Man Wu is an illustrator and artist from China, currently based in London. 

Wu enjoys integrating different media into her illustration practice, and her work includes illustration,  animation, installation, photography, and video. Through her studies and creative process she is constantly exploring narrative illustration in space, and how to interact with the audience. 

When Wu is feeling low, she often falls easily into the labyrinth of memory. In her practice she explores the impact of memory on the individual and self-exploration through the act of remembering. Utilising the subconscious in her creative process, and making the unconscious content visible, is an important part of her work. 


Do you really remember the moment when you captured that scenery with your phone? Did you really forget it when you deleted the photo? 

'The photo of a disappeared object touches me, just like the ray of a star.' Roland Barthes, Camera Lucida

'Indeed, like a curse, this form of memory, this fixation on images, obscures the daylight cast on today and now.' Jörg Becker, The Missing Remain. 

Sometimes, due to the fear of forgetting, I try to record every moment with photos. However, this leads to a large number of duplicate photos and the need to choose which photos to delete when the memory is full. I question the value and importance of repeated shooting in this documentation process, as it consumes too much time to make choices.
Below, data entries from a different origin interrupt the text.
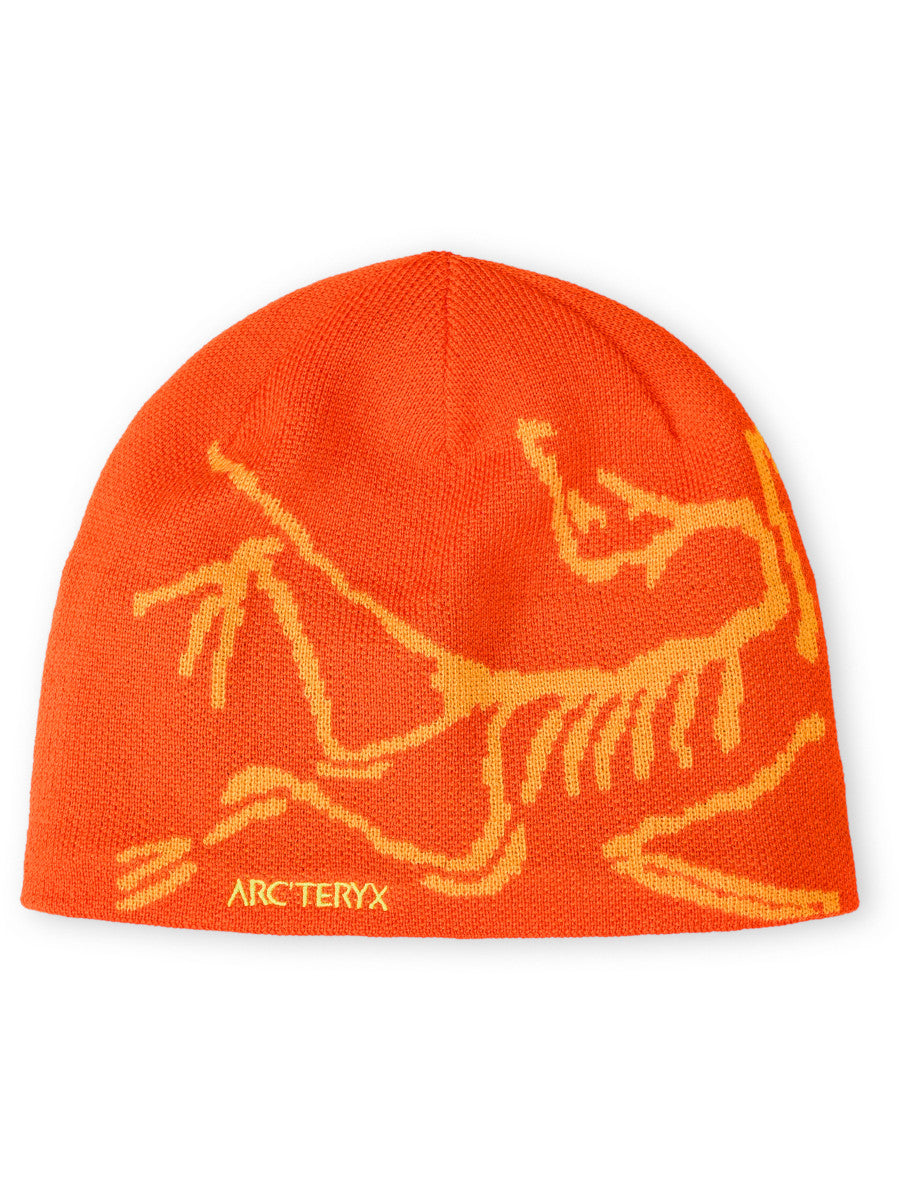 Arcteryx Bird Head Beanie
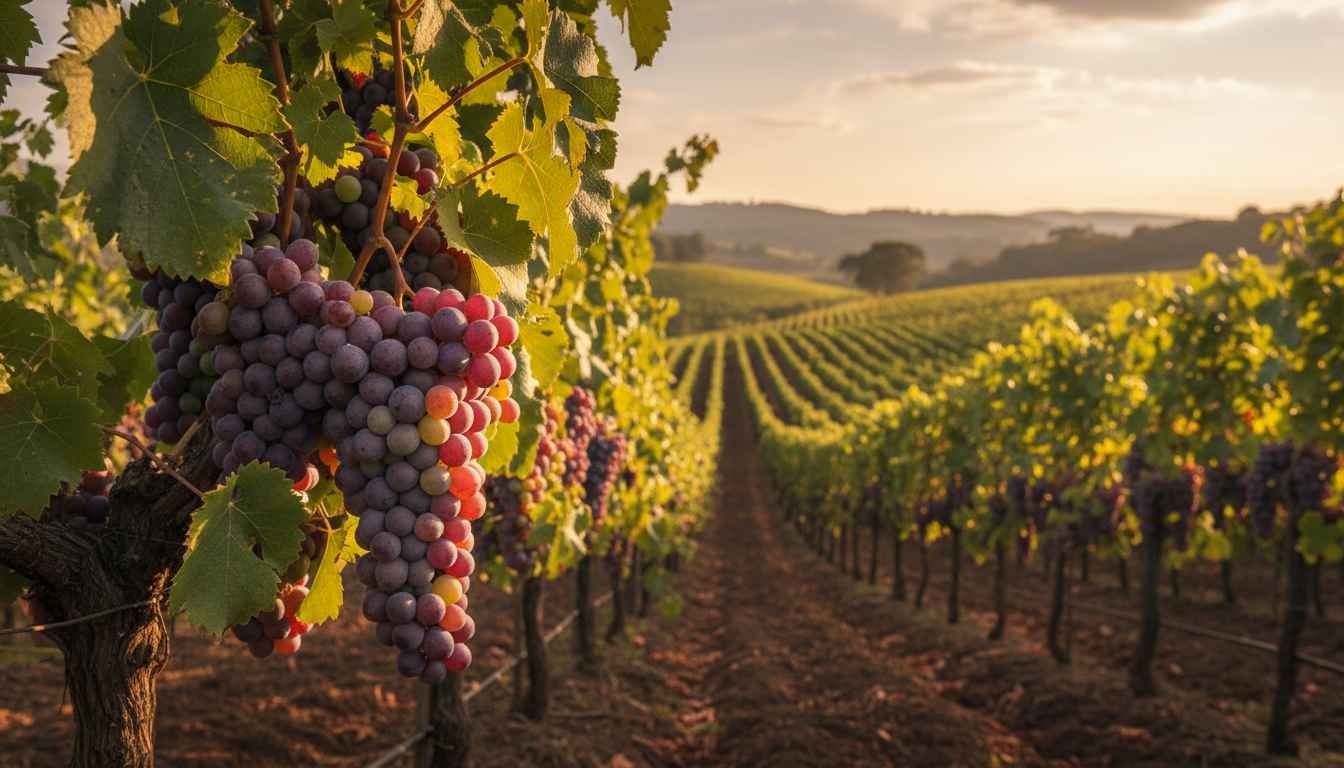 best places to visit near sao paulo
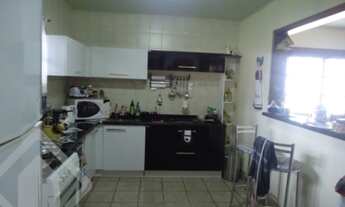 Imagem 5: GUAíBA - Casa Padrão - Parque 35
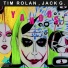 Tim Rolan & Jack G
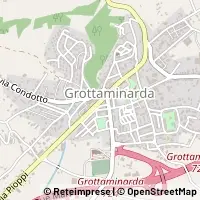Harita Grottaminarda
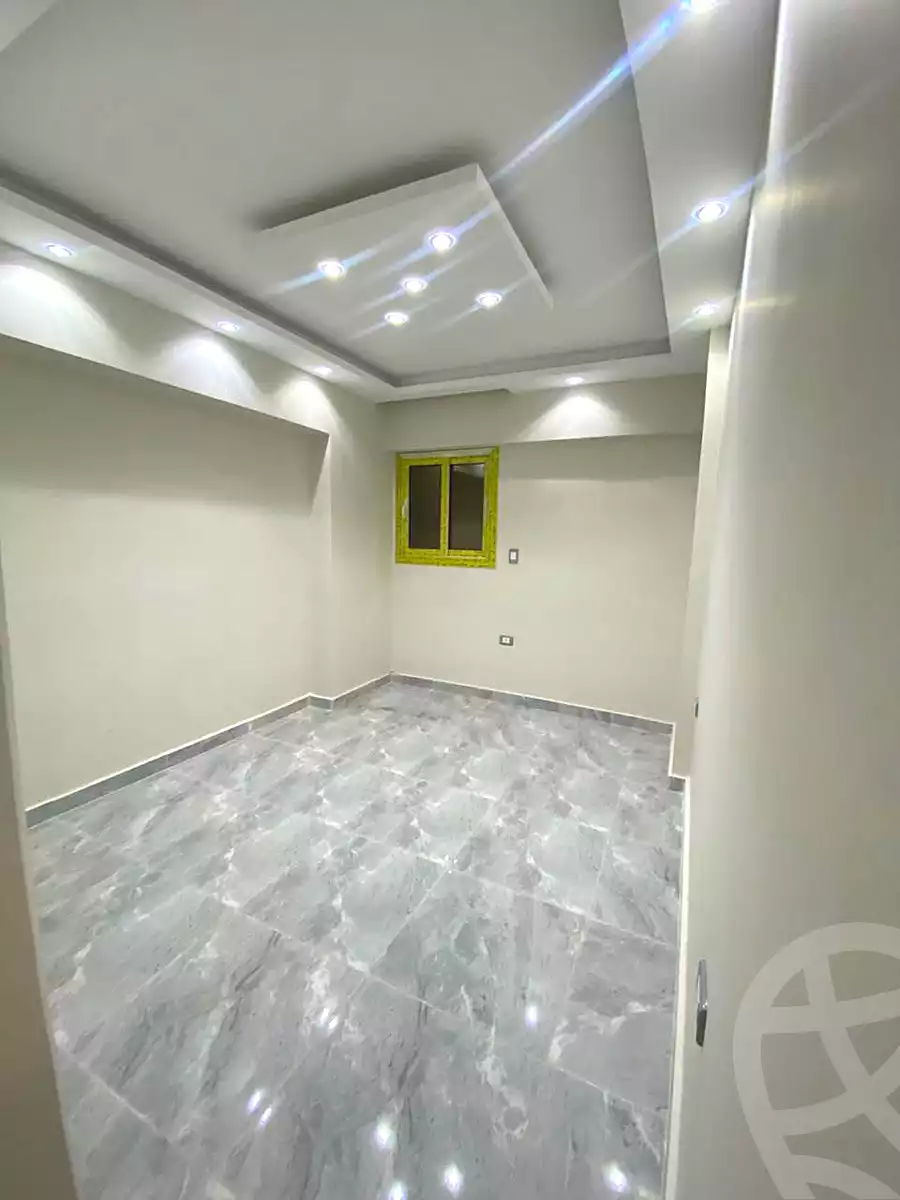 https://aqarmap.com.eg/ar/listing/7316913-for-sale-alexandria-al-agamy-lbytsh-bianchiii-street-11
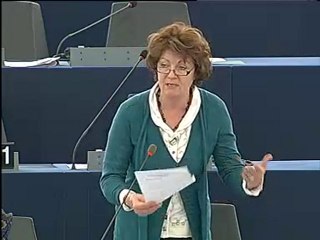 UE-Libye: un contenu de négociations inacceptable!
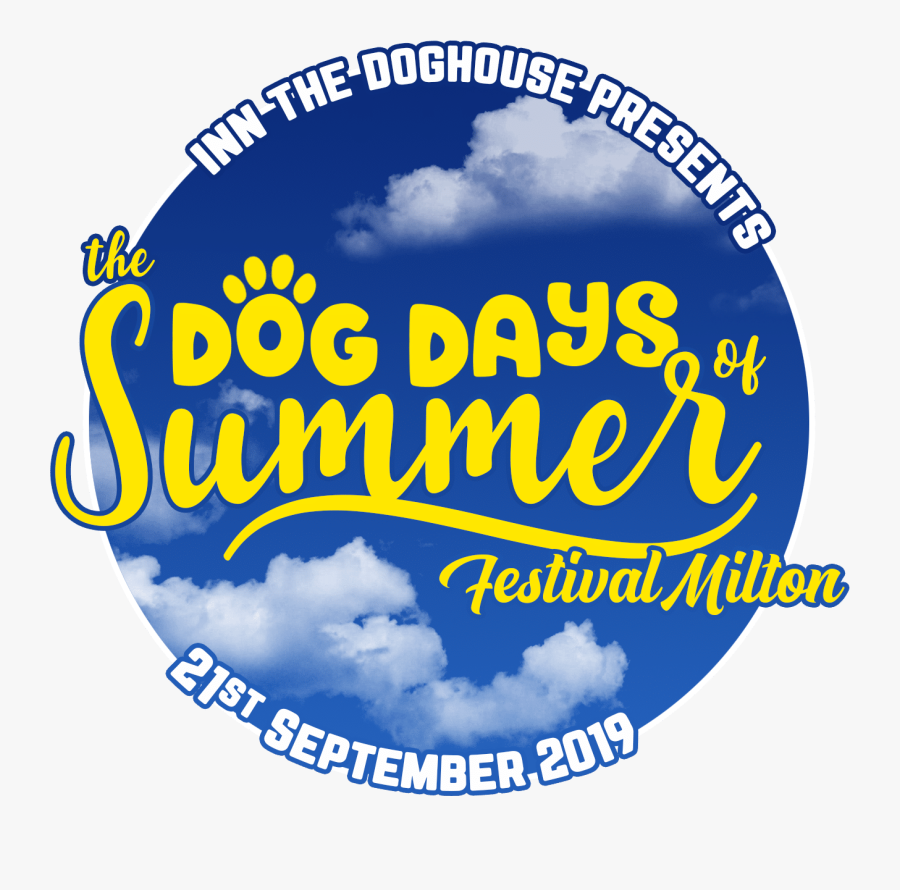 Circle, Transparent Clipart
Sometimes photos are taken simply to record the moment, and the fear of losing the moment prevents us from feeling the present moment. 

The mobile photo album is seen as a personal archive, while 'recently deleted' is seen as a recycling bin. All photos used in my work are from 'recently deleted', representing state between an archive and waste. They can be recovered at any time within 30 days. These photos are seen as digital waste, but most of them depict my real life. 


Memories and archives cannot fully encompass everything. We record what we think is important and forget some parts which gradually fade away and disappear. However, seemingly these lost memories may be the most profound even if we no longer pay attention to them. They have become the habits, language, and thoughts that are parts of our daily lives. I have not forgotten them, I just selectively ignore them. 

Through analysing the process and results of constructing a personal archive, this project has revealed my intrinsic value. It provides a way for viewers to explore their own. 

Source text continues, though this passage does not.